The Arusha-based International Criminal Tribunal delivers a heavy ruling against lead co-ordinator of the 1994 mass killings along with three of his accomplices
Major General Augustin Bizimungu sat with no visible expression on his face as the International Criminal Tribunal for Rwanda handed him a verdict that will see him staring at steely prison bars for the next 30 years. Bizimungu was found guilty of being a lead coordinator in the genocide, and for failing to stop the rape and sexual abuse of women and girls, in addition to ordering the slaughter of as many as one million fellow countrymen in the 100-day-long genocide that shocked the world.
The verdict follows a nine-year-long trial in which, along with Bizimungu, an ex-military police leader, Augustin Ndindiliyimana and two other top officers were found guilty of genocide.Two senior officers tried alongside the generals were also convicted and sentenced. The former commander of the reconnaissance battalion, Major Francois-Xavier Nzuwonemeye, was handed 20 years for killing (as a crime against humanity and murder (as a war crime.) His subordinate, captain Innocent Sagahutu, was also sentenced to 20 years.
Presiding Judge Asoka de Silva said Bizimungu was responsible for the conduct of his subordinates. The indictment against Bizimungu says he gave an order “to exterminate the small cockroaches” on the first day of the genocide. He is said to have promised weapons for the slaughter and fuel to burn homes to militias willing to participate in the mass murder of the Tutsis and their Hutu sympathisers.

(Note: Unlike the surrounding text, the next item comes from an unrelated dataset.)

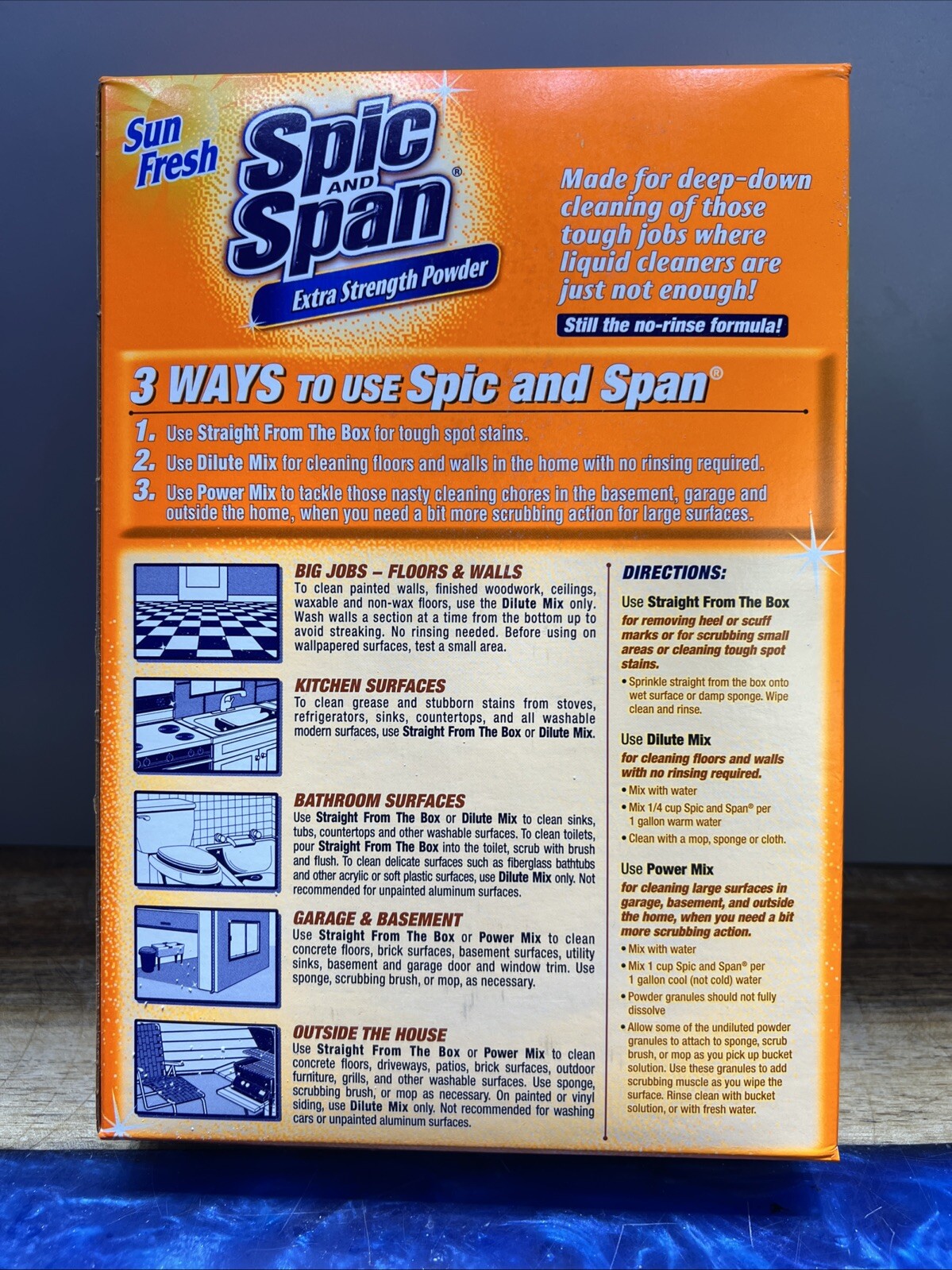 Spic and Span® Extra Strength Powder: Sun Fresh 27 OZ NOS Discontinued 1Lb11Oz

In the build up to the trial, the general had once topped a list of most-wanted genocide suspects and the U.S. had, put a $ 5 million bounty on his head he was captured in Angola in 2002.
The court, however, ordered the release of former head of the paramilitary police Ndindiliyimana on the grounds that he had already spent 11 years behind bars since his arrest. It ruled that while Bizimungu had complete control over the men he commanded, Ndindiliyimana had only “limited control” over his men after the start of the massacres on April 6, 1994 and was opposed to the killing. The convictions are a major step forward for the Tanzania-based ICTR which is, tasked with only trying those who bear the greatest responsibility for the genocide, as Bizimungu and Ndindiliyimana are two of the most senior figures to be tried in connection with the genocide. While Ndindiliyimana was arrested in Belgium in January 2000, Nzuwonemeye’s day of reckoning came in February 2000 in France, Sagahutu was detained in Denmark and Bizimungu in Angola.
The long-running case known as the Military II trial had been adjourned since June 2009 when prosecutors requested life sentences for all four defendants while their defence lawyers asked for their acquittal. In the Military I trial, Colonel Theoneste Bagosora, presented by the prosecutor as the brains behind the genocide, was sentenced to life in prison in December 2008, along with two other senior military figures. Bagosora appealed and the hearing ran from March 30 to April 1, but the appeal verdict is yet to be handed down.
In 2001, the Rwandan government began implementing a participatory justice system, known as Gacaca, in order to address the enormous backlog of cases and is responsible for prosecuting lower level leaders and local people. The UN set up the International Criminal Tribunal for Rwanda that has jurisdiction over high level members of the government and armed forces.